15年前から島根県の奥出雲町で暮らしております。ここは自然が近く、山陰の山奥ということもあって多くの生薬が採集できる地域になります。週末には山野に入り、時季の草花を見つけは生薬に加工することを楽しんでおります。
気候や土地の特性のようなものもあって、採取時期がずれるものやアク抜きなどの作業を入れないと生薬に出来ないものなどもあって、なかなか教科書通りにはいかないものだなぁ、と苦戦を強いられることもあります。
近隣の里山だけではなく、国定公園でもある船通山-大山あたりにまで足を延ばすと更に多くの生薬を見ることが出来ます。
また年に数回、新人の薬剤師さんや薬局実習で研修に来ている学生さんに採集を手伝ってもらい、生薬・漢方への知識を深めてもらっています。
生薬に修治(シュウチ)という作業を行います。生薬の中にはそのままでは薬として使用することが出来ないものがあります。それらを薬として使用するためには、煮たり焼いたり酒で何度も蒸す作業を行います。このひと手間で効き目の良い漢方薬が出来上がります。
残念ながら大学の授業だけでは漢方の運用は不可能です。私がそうであったように実地で習得して頂くのが一番良いと思います。生薬それぞれの特性を理解することで、生薬が組み合わさった処方(漢方薬)が理解で出来ます。
生薬探訪
竹節人参はここ奥出雲にたくさん生えております。明治ぐらいまでは高麗人参の代用として使用されてきました。当店では今でも使用しております。やや体を冷やす人参ですので高麗人参との使い分けができます。市販されている漢方薬・栄養剤に滋養強壮・胃薬・解毒剤として配合されています。また発毛剤にも使用されています。9月~11月ごろに根を掘り出し、そのままか湯通しして日干しにします。奥出雲産のチクセツニンジンはアクが強く5~6分湯通しして生薬にしました。
沙参はキキョウ科の植物です。桔梗によく似たきれいな花が咲きます。咳止め・痰切りとして漢方薬に配合されます。根を掘り出し水洗いしたのち日干しにします。

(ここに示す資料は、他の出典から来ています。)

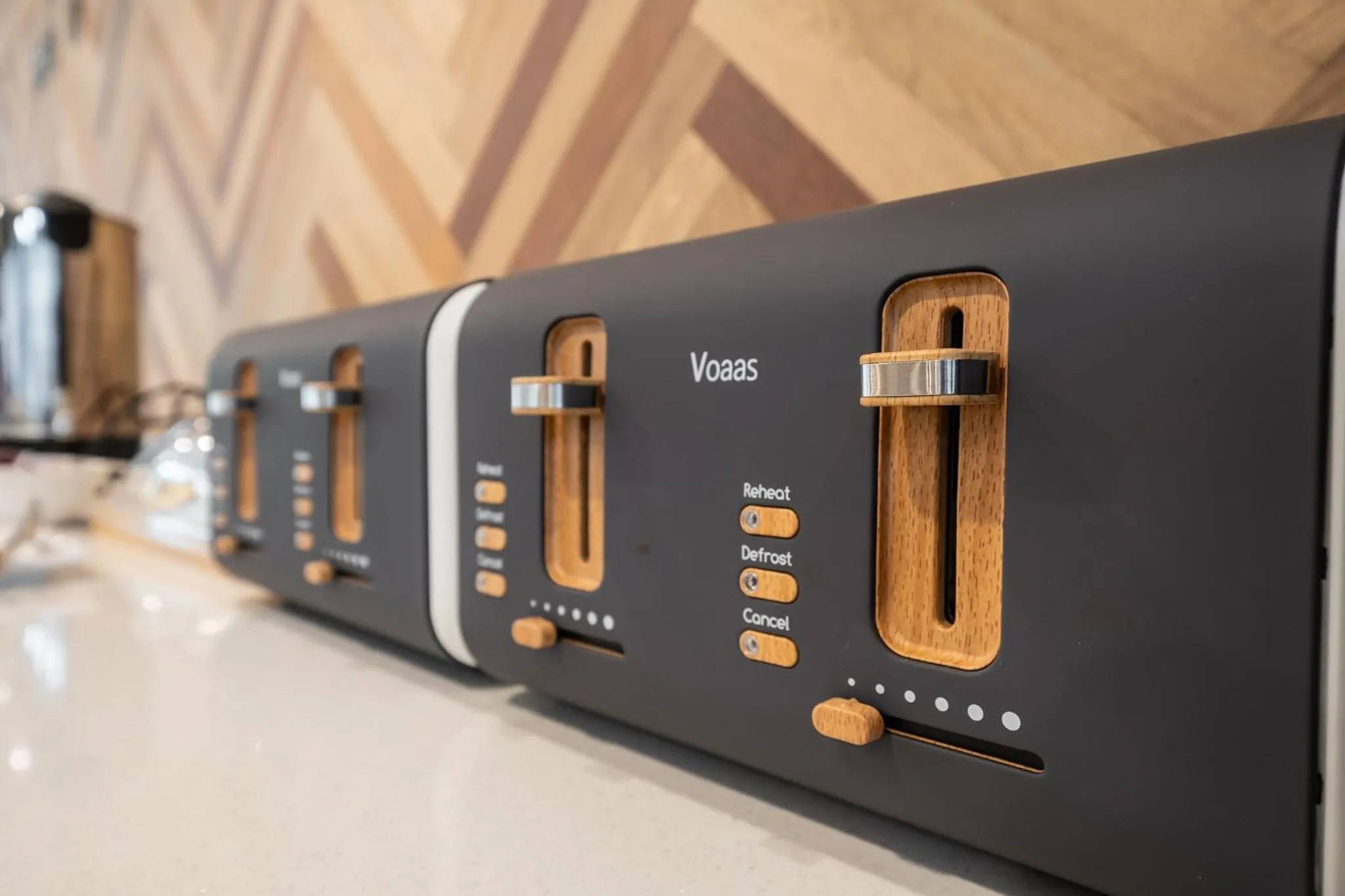 Buffet breakfast in Aroomi Hotel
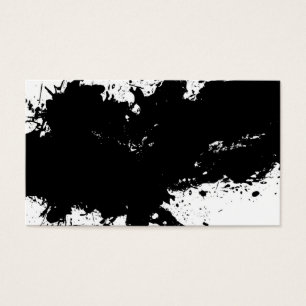 Fondo salpicado sucio de la tinta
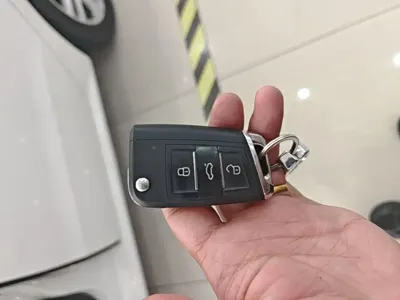 Volkswagen Gran Lavida 2018, 89400 км, за 6091.7 USD - фото 9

残念ながらこの辺りの山野に自然に生えているものはありませんが、近所の庭木に見つけることが出来ました。5月ぐらいに黄色い可愛い花が咲きます。やがて実が付き、その熟した実が諸薬の矯味薬、胃薬、精神安定剤として使用される棗ができます。9月~10月に収穫し陰干しします。まだ実が青い時期はリンゴのような味がします。さらに熟されて茶色く甘みが増してきます。
附子はトリカブトのことです。毎年、山菜と間違えて食中毒で搬送されるニュースを見ます。薬用に使用されるのは根なのですが、葉にも少量ですが有毒成分が含まれています。葉を生で食べると不味いので食べられないことが分かるのですが、おひたしにして味付けすると分からなくなるようです。よく間違えられる植物は、葉の形の似た二輪草(ニリンソウ)だと言われます。花の色も咲く時期も葉っぱの大きさも違うのですが、春先でトリカブトがまだ小さい時期は二輪草と同じくらいの大きさです。間違ってしまうのかもしれません。奥出雲では船通山の低中腹でみられます。山道の川沿いに見つけることが出来ます。
桜の樹皮のことです。6~8月に樹皮をはぎ取り日干しにします。桜の樹皮に含まれるフラボノイド成分は皮膚病や咳止めとして有用ですが知っている人はほとんどいません。当店で良く使用する皮膚病の漢方薬にも配合されています。桜も身近な生薬です。
木通はアケビの蔓(茎)を輪切りにしたものです。奥出雲では川沿いにミツバアケビを見つけることが出来ます。この茎(蔓)にはサポニンやカリウム塩が多く含まれていて利水作用があります。茎を輪切りにし日干しにしたもの使用します。当店では学生さんや新人薬剤師さんに採集してもらい標本にします。
虎耳草(コジソウ)はユキノシタのことです。里山の山道から少し外れたところにユキノシタの群生地を見つけました。薄暗いところに一面白い可愛い花が咲いていてとてもきれいでした。漆かぶれ・虫刺されに生葉をもんでしぼり汁を付けるとよくなると言われます。乾燥させた茎や葉は煎じて解熱・解毒剤として使用します。ですが、この辺りでは薬として使用するよりも葉の天ぷらを食べることの方が多いのではないでしょうか。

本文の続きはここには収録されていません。